LOS ANGELES (AP) — A drenching storm that brought California much-needed rain in what had been a dry winter wound down Friday after washing out Highway 1 near Big Sur, burying the Sierra Nevada in snow and causing muddy flows from slopes burned bare by wildfires.
The atmospheric river weather system that barreled ashore in Northern California early in the week rolled quickly through Southern California overnight and was moving east before dawn. Remnants unleashed occasional downpours and hail.
There were no immediate reports of large-scale debris flows in the region, but mud slid off burned slopes in Orange County’s Silverado Canyon and from a fire-scorched hillside onto State Route 39 on the foothills of the San Gabriel Mountains.
About 8,200 residents had been ordered in advance to evacuate from areas near fire scars east of Los Angeles in San Bernardino and Riverside counties.
Flash flood watches remained in effect for parts of Southern California and winter storm and avalanche warnings continued in the Sierra. But most of the state was able to turn to cleanup, damage assessments and tallying astonishing rain and snowfall.
Highway crews were to begin damage assessments Friday and there was no estimate on when the popular driving route would reopen, the California Department of Transportation said.

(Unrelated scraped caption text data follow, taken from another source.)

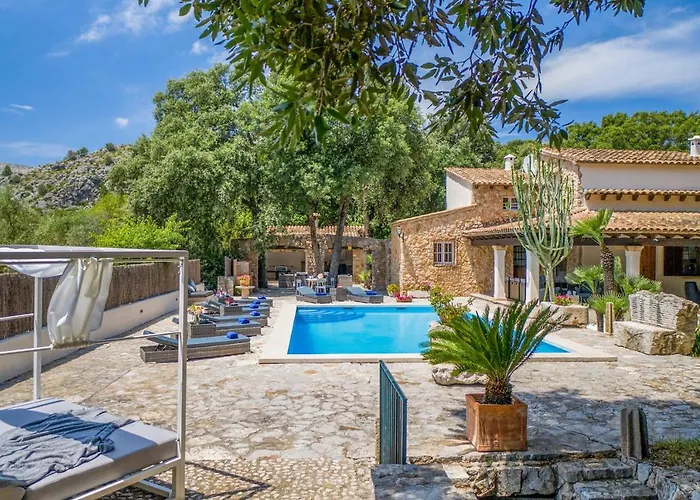 Pollenca - 3517-15 Mallorca Port de Pollença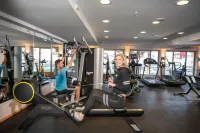 Adler Inn Tyrol Mountain Resort Superior - Gym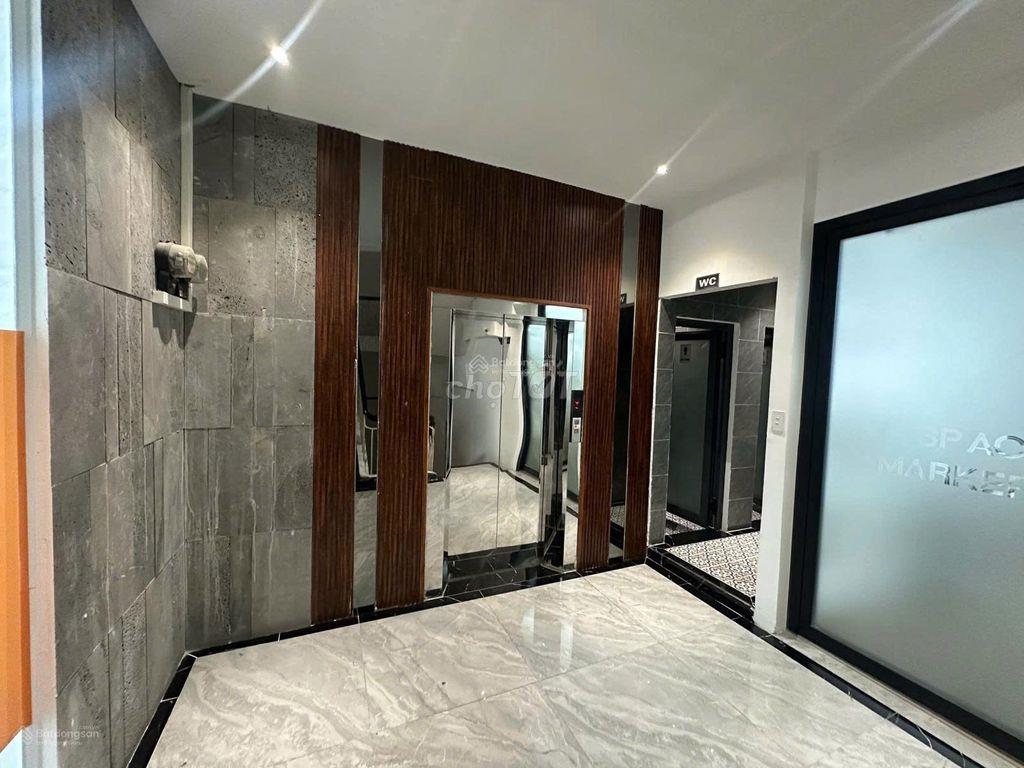 SÀN VĂN PHÒNG TỪ 70-100M2, CÓ THANG MÁY, PCCC - 384 VÕ VĂN TẦN, QUẬN 3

Central coast rainfall topped 15 inches (38.1 centimeters) when the storm stalled there at midweek, triggering mud flows that damaged about two dozen homes.
The storm also unleashed a huge amount of snow in the Sierra, where the annual snowpack normally provides about a third of the state’s water supply.
The Mammoth Mountain ski resort reported the storm had dropped 8.92 feet (2.72 meters) of snow as of early Friday, with more falling. California Department of Transportation plows worked to clear some mountain highways and others were open with strict chain requirements.
Yosemite National Park officials said the snowstorm would force it to remain closed until at least Feb. 1.
The park has been closed since a huge windstorm hit early last week, knocking down 15 giant sequoias and slamming trees onto trucks and buildings. Damage has been estimated as high as $200 million.
Atmospheric rivers are long, narrow bands of water vapor that form over an ocean and flow through the sky. They occur globally but are especially significant on the West Coast of the United States, where they create 30% to 50% of annual precipitation and are linked to water supply and problems such as flooding and mudslides, according to the National Oceanic and Atmospheric Administration.
The atmospheric river was part of a major change in weather for California, which had significant drought conditions for months. The dryness contributed to wildfires that scorched more than 4.2 million acres (17,000 square kilometers) in 2020, the most in recorded modern history.